Štěpán Bittner

* 1948

  • „He left and I did not meet him after that. Then, suddenly, during the night on the 16th of January, someone called the dorms saying that some boy immolated himself at the St Wenceslas’ Square. After some time we learned that it was Honza Palach. We met in the office to write some declaration. Then we went to the streets. We organised the burial of Honza Palach, it’s a thing I’ll never forget. I stood guard by his coffin in Karolinum for a while. There were worries that something might happen during the funeral. The State Security and the cops were worried that the burial might be used against the government. We, the students, guaranteed that there would be no disturbances. There were students wearing armbands with a a sign of an owl and we guarded so that nobody would cause a disturbance. There were students standing along the whole route of the cortège would be protected against disruptions. Nothing happened, nobody felt like that. No shouts, nothing. There was absolute silence. When you imagine absolute silence in Prague, I haven’t experienced it any other time. Up till now, it feels insane to me.”

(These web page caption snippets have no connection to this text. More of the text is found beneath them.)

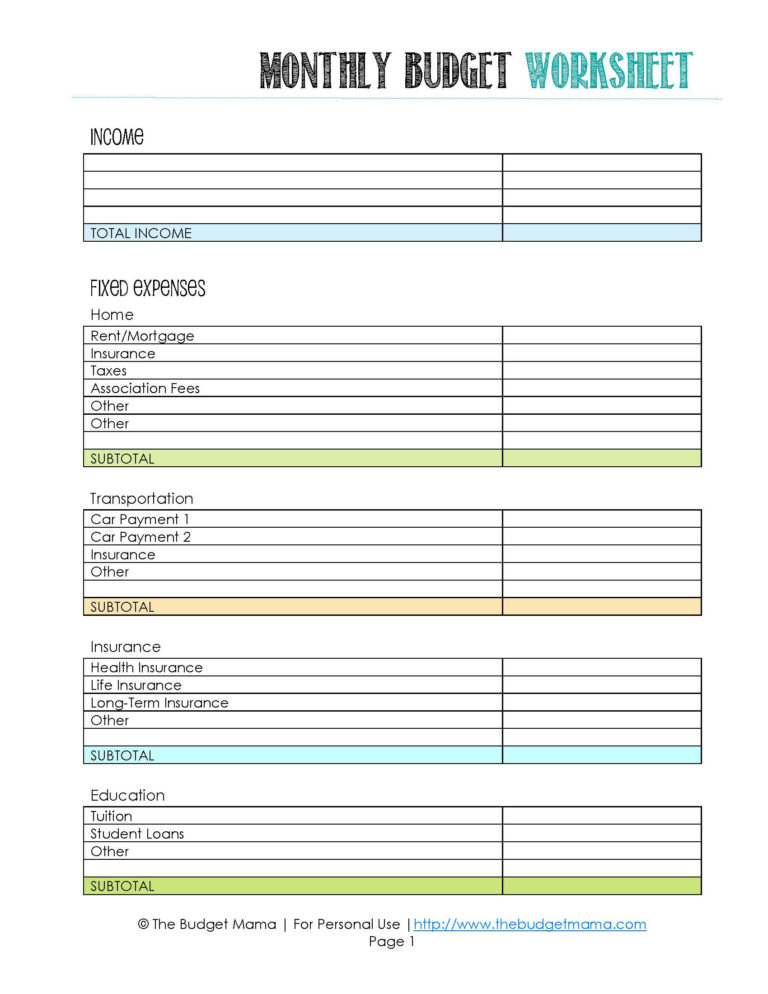 Receipt Tracking Spreadsheet within Expense Tracker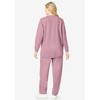 Woman Within Plus Size Petite Fleece Sweatshirt Set - 3 of 4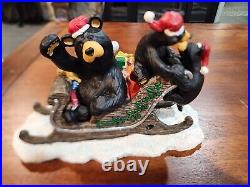 LOT Bearfoots Big Sky Carvers Jeff Fleming Winter Christmas Bear Figurines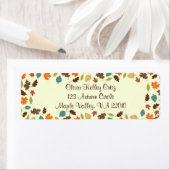 Herfst Autumn Leaves Adresetiketten Etiket (Insitu)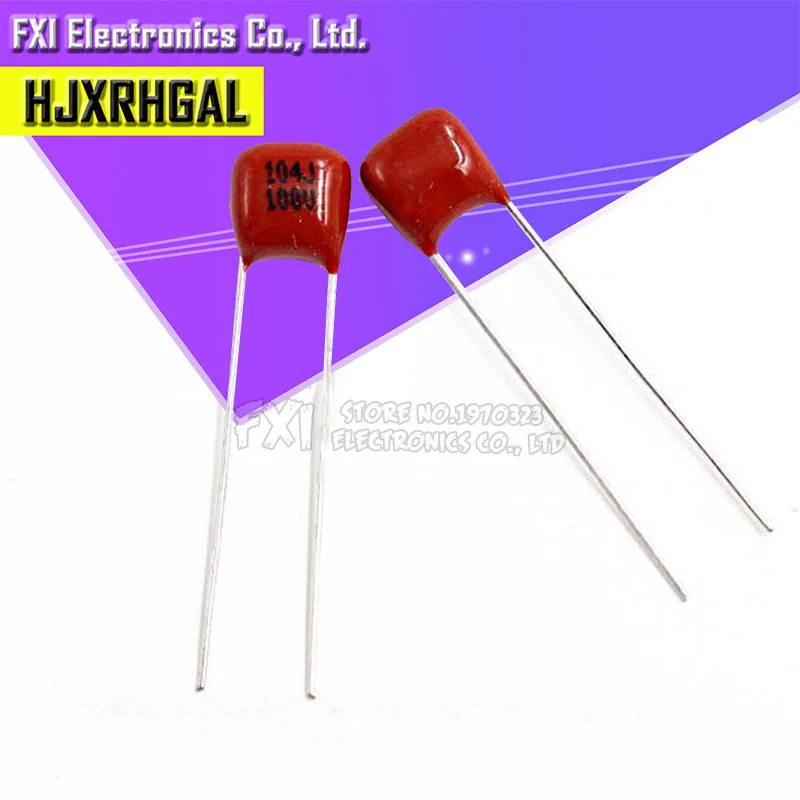 50 шт. 100V104J шаг 5 мм 100NF 0 1 мкФ 100 в 104 CBB полипропиленовый пленочный конденсатор Новый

  • "On the 21th of August in 1969, there was a protest going on against the occupation on the Wenceslas' Square. It was not pretty. Bullets whizzed around, it was ugly. I remember how I crawled into the Yalta passage because they fired live ammo. Sadly, it was our people who were shooting. Not the army, the mad People's militia. It felt irreal to see the those old blokes beating their own children. At that time, I lost the illusion that this country may ever get somewhere. I had lost them already in 1968 when Dubček et al. returned from Moscow [after having signed the invitation of the Warsaw Pact armies].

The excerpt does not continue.